Though the Relocalization movement has just picked up energy within the last few years, the issues it addresses are not new. In fact, one of my most striking findings is that this kind of organizing has been going on for over 30 years. George Mokray–a solar engineer and an active participant in the Massachusetts self-reliance movement of the 70s and 80s, shared that there is a whole history related to relocalization, food, and alternative living that most people don’t know about. There was an energy crisis in 1973, known as the Oil Shock, which caused people to question what might happen if oil ran out or if prices increased. In response to the worries, people in Massachusetts along with others around the country, began to establish an alternative economic system. According to George, people realized that if they wanted to change the culture and politics of the U.S., they needed to change economics. People in Boston established community gardens, land trusts, food coops, and community supported agriculture projects. Outside of the city, more people began to farm organically, they established farmers markets, and conducted alternative energy research.
Relocalization is not a resurgence of the old movement, but many of the projects people are working on now directly relate to previous efforts. Relocalization in Massachusetts is a dynamic movement that consists of numerous organizations working toward similar goals through varying methods. The organizations did not emerge out of the effort to Relocalize; they were all started for separate, individual purposes, but together they make up the relocalization movement. Eli Beckerman, of the Massachusetts Coalition for Healthy Communities, sees the movement “accelerating in speed and growing in strength” as people engage in relocalization from many perspectives, many without even thinking about it. Time Trade Circle, an organization which allows members to earn and use “time dollars” to exchange services with other members, is one example. The bank was started as a social support network for families involved in a parent support group that Director Katherine Ellin was leading at the time. She hadn’t even heard the word “relocalization” until she attended the MCHC Relocalization Conference, but the time bank certainly supports the local community by putting resources into it and providing a tool for people to connect. Boston Localvores is another group that provides resources and a way for people to interact, but their approach is through the enjoyment of local food. The Localvores group is more deliberately part of the relocalization effort, and aims to encourage local alternatives to corporate industrial producers, manufacturers, and retailers.

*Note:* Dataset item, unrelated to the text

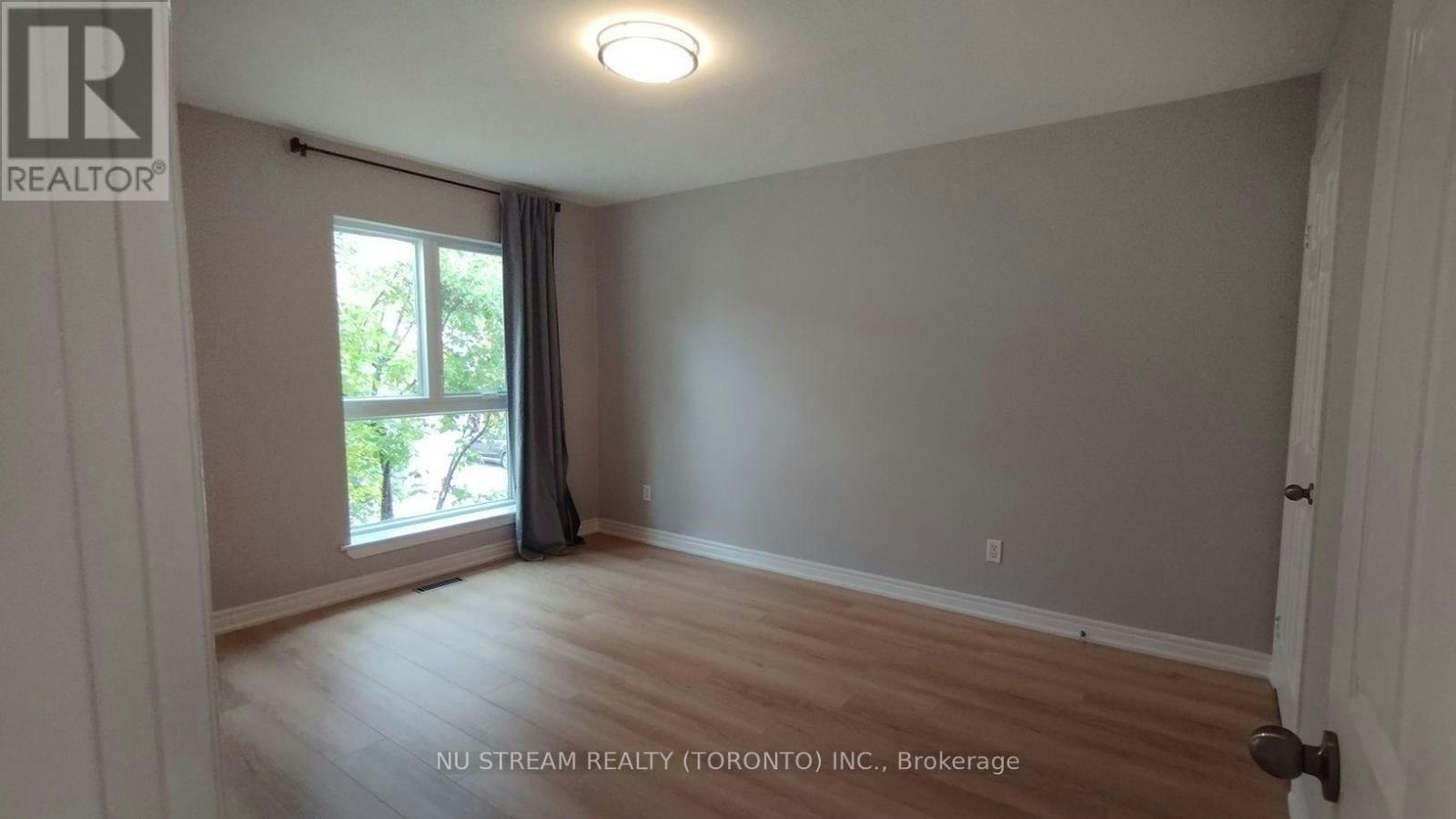 20 Scenic Mill Way, Toronto, ON, M2L 1S3 - 11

Social justice is built into the foundation of the Massachusetts Relocalization effort. Part of the goal is to support “just,” “diverse,” and “people-powered” communities, making Relocalization accessible to all people. In his keynote address at the Relocalization Conference, Mel King—lifetime community and political organizer—addressed the need to be inclusive of all people and therefore emphasized the idea that anyone can participate in relocalization. “Talk is cheap,” he said – “anyone can do it, and talking is how you generate ideas and motivate people to act.” The conference, as well as the Vegetarian Food Festival, was held at Roxbury Community College. People of color, low-income, and immigrant communities are often argued as being left out of the environmental and sustainable food movements, but hosting major events in this diverse neighborhood demonstrates the desire to include everyone in this critical social and economic transformation. In addition, many of the local farmers markets now accept food stamps and there are various local food and agriculture projects aimed specifically at making good, healthy food available in parts of the city where it is scarce. Organizations like the Food Project, ReVision Urban Farm, and the Haley House all work to provide affordable, nutritious food along with skill training and education to a diverse community.
It turns out that living local in Massachusetts is certainly feasible, but as expected, the reasons people have for living local varies widely. It is true that not everyone is working towards environmental sustainability, but many organizations see a need to start patching the gaps of our current system. There are an abundance of resources helping people to engage with environmental and social issues if people seek them out. Living local can be a powerful tool if the community element is embraced and if we get creative about the way we think about our lives. Though Relocalization is only one of many routes toward a vibrant future, it is inclusive of diverse interests and most importantly, encourages a practical approach to getting there.